Copy each line of the records that holds the string "Boho".
------ Task input
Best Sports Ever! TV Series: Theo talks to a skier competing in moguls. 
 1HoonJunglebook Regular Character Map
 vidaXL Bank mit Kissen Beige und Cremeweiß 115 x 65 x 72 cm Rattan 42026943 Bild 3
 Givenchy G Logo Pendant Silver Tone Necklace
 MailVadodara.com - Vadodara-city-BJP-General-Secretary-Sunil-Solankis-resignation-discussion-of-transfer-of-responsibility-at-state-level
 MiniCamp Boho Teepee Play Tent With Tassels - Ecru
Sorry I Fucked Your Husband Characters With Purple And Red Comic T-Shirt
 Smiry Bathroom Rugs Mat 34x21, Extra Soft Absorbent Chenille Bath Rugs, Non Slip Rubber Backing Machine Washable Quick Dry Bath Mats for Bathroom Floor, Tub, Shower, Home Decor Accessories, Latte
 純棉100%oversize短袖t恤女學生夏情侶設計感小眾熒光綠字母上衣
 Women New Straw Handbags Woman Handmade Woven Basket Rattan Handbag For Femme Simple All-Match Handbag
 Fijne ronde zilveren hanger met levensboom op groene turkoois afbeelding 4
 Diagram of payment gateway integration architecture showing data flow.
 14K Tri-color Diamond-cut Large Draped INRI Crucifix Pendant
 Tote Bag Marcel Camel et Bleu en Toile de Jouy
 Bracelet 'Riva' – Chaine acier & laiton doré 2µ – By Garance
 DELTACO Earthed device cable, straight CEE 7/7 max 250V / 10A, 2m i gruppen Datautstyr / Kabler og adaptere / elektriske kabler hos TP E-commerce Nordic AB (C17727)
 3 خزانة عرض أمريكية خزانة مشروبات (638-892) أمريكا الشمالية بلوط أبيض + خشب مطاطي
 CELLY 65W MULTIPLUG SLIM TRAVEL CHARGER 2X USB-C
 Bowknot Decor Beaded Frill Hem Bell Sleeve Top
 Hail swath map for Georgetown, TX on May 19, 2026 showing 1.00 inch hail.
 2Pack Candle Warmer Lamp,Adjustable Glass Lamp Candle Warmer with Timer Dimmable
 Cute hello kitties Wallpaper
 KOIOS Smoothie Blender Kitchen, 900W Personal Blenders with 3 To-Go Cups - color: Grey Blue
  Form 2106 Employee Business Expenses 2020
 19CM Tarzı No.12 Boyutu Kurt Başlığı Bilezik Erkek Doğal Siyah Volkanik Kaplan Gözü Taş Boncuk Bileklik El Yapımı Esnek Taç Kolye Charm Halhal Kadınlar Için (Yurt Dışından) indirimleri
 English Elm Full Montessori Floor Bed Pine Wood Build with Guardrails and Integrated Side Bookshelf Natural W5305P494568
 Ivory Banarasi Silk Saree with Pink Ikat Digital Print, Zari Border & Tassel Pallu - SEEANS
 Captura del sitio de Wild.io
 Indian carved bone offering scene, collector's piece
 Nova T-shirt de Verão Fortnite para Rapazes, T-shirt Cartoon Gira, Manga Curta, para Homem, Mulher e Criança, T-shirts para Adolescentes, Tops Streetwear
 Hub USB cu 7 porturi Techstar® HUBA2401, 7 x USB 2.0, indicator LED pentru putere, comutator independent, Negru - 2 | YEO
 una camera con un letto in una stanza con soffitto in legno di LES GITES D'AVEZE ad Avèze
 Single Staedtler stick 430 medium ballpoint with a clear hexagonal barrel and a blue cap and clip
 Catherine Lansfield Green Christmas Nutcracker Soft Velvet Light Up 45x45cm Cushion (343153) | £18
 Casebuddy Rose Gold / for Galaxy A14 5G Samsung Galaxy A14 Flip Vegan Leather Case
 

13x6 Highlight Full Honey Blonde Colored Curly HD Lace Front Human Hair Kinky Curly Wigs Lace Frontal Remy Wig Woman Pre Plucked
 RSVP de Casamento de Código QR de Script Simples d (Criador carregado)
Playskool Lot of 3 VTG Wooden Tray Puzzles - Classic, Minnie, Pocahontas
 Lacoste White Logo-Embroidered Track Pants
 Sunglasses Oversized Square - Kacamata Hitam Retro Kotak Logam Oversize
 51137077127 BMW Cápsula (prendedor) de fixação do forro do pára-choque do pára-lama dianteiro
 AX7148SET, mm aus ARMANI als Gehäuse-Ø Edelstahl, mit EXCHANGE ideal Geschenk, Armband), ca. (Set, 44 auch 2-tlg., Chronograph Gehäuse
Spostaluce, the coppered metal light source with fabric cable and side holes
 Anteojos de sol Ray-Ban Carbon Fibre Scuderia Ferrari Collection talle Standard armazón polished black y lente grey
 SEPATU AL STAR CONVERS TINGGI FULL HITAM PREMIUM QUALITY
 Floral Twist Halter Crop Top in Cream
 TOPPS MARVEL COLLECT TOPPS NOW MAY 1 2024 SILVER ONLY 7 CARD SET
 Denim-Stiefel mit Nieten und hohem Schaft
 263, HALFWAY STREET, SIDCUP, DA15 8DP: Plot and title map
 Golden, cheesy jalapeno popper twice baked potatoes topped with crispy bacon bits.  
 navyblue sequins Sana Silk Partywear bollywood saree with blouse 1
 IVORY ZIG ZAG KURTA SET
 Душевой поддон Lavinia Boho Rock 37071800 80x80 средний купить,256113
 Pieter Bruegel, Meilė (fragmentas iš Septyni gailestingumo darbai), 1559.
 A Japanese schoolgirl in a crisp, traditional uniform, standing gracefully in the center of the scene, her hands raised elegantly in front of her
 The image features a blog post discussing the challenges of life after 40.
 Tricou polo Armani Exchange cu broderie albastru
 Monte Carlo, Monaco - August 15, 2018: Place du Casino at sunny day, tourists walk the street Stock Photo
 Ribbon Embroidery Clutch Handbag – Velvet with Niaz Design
------------
**Exercise answer**
 MiniCamp Boho Teepee Play Tent With Tassels - Ecru
 Душевой поддон Lavinia Boho Rock 37071800 80x80 средний купить,256113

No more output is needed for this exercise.